I'm going to see if I can reduce TIME_WAIT parameter on my system (Linux RedHat AS 3.0) and if I can keep connected to my soap server between two requests. Thanks for this help. I send you news quickly if it works or not. Best regards, Thib 2007/3/27, Dr. Peter Poeml <[EMAIL PROTECTED]>:
On Tue, Mar 27, 2007 at 03:21:18PM +0200, Thib wrote: > Hi, > > I almost finished writing my module and made some benchmarks to check > performance. I was quiet suprise by what happen. > > I used JMeter to send HTTP Post request to my module. I ran 5 parallel > threads which sent 5000 requests each in series.

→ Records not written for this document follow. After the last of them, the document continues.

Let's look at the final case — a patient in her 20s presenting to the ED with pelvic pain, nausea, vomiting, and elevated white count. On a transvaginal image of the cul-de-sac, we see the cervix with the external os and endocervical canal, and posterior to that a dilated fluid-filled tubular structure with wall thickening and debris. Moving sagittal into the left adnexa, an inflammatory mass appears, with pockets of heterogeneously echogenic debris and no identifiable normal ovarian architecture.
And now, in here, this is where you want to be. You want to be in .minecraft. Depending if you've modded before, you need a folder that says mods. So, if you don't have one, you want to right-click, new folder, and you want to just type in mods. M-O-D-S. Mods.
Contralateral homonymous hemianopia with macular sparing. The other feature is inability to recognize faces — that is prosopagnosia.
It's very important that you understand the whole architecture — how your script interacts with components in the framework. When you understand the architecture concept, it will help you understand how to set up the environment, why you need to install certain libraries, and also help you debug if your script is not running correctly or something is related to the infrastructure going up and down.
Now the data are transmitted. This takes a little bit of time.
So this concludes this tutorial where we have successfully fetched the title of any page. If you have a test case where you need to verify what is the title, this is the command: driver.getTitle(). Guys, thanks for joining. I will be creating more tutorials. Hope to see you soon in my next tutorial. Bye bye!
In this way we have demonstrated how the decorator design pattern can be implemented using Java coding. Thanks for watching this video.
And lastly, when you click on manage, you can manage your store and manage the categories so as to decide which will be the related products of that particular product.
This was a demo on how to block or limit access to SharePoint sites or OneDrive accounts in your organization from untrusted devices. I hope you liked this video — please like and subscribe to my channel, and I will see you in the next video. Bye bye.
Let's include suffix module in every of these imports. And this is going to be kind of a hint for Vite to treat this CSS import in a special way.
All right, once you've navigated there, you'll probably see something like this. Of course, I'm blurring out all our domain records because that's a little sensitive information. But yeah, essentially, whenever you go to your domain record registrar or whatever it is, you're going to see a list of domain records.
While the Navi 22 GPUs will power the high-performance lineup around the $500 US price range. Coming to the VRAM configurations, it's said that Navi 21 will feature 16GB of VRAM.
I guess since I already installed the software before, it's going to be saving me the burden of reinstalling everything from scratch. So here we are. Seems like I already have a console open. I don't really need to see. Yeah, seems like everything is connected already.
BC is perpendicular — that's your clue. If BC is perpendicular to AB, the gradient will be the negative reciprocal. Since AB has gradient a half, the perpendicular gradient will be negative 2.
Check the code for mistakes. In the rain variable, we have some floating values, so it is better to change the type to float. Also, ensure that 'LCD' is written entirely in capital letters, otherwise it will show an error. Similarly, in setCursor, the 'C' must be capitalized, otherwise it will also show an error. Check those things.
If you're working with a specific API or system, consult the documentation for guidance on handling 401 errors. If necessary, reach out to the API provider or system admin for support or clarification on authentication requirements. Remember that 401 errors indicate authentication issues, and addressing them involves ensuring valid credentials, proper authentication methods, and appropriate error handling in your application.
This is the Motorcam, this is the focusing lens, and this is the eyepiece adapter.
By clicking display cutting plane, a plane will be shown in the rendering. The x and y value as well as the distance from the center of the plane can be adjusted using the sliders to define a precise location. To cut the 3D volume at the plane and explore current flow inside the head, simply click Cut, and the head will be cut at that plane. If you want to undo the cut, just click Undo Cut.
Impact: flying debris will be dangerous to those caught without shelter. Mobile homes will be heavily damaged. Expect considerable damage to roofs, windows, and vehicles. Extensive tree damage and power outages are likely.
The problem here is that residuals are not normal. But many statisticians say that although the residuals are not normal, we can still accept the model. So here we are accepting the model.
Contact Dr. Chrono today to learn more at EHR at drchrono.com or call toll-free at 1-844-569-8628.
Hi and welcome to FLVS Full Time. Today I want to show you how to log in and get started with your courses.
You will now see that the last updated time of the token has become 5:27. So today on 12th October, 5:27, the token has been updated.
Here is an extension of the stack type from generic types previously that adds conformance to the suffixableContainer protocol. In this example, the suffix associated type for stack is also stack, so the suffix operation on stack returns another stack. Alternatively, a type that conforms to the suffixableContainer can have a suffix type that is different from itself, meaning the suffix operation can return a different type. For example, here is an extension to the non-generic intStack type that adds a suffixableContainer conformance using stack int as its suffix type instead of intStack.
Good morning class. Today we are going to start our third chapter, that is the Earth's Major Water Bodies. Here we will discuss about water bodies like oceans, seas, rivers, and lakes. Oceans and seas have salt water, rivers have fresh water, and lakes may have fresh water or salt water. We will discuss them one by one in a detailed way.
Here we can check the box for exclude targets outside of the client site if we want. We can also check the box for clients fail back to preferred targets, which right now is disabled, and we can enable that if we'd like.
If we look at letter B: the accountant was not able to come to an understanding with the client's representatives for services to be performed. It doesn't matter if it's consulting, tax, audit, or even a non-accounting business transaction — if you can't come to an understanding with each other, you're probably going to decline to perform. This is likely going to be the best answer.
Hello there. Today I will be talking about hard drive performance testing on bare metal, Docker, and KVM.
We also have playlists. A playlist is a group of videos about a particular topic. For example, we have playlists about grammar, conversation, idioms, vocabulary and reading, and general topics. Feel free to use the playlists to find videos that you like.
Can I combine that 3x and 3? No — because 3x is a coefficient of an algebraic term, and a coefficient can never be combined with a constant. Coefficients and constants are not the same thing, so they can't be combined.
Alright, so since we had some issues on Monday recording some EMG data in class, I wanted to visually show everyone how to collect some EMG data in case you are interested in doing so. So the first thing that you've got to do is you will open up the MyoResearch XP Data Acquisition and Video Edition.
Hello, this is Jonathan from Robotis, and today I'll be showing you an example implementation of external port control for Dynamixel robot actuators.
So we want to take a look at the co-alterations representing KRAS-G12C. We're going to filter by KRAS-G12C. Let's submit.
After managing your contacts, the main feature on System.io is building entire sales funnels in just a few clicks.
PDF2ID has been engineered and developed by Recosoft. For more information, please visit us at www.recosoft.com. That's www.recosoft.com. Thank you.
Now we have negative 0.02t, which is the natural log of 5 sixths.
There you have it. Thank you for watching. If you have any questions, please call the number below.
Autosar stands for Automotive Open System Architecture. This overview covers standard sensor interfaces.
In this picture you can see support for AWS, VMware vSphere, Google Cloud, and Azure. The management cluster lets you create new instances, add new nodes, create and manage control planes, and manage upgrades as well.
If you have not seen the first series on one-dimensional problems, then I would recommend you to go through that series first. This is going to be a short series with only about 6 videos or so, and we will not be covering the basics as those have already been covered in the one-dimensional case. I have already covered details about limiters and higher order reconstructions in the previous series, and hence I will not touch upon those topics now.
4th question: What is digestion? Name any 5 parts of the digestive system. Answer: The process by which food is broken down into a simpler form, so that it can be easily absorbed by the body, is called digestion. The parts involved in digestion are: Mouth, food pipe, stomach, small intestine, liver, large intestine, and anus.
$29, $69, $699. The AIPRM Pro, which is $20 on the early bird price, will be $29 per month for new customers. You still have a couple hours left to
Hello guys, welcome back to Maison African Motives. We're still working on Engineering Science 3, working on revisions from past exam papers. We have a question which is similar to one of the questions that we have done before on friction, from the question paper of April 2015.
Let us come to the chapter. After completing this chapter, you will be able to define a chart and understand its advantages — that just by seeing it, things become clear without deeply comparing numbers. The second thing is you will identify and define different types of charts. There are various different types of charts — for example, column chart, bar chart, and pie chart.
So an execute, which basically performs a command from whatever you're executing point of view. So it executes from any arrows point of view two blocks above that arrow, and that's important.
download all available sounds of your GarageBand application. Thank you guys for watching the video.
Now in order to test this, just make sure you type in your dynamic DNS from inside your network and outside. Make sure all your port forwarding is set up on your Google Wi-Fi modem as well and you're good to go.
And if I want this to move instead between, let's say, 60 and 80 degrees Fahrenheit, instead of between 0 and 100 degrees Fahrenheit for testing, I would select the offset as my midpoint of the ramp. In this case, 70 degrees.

At the beginning the > performance are near 500 request per second but decrease quickly to finish > at 250 req/s. > > I don't understand why performance decrease... I check undelivered memory > structures but all look like fine. > > Anyone has ever meet this kind of problems ? You may want to check for sockets in wait state (netstat -tupan | grep TIME_WAIT). If they accumulate, you can end up in a situation where free socket become scarce. This will also be noticeable by outliers in the response time data. Regards, Peter -- SUSE LINUX Products GmbH Bug, bogey, bugbear, bugaboo: Research & Development A malevolent monster (not true?); Some mischief microbic; What makes someone phobic; The work one does not want to do. From: Chris Young (The Omnificent English Dictionary In Limerick Form)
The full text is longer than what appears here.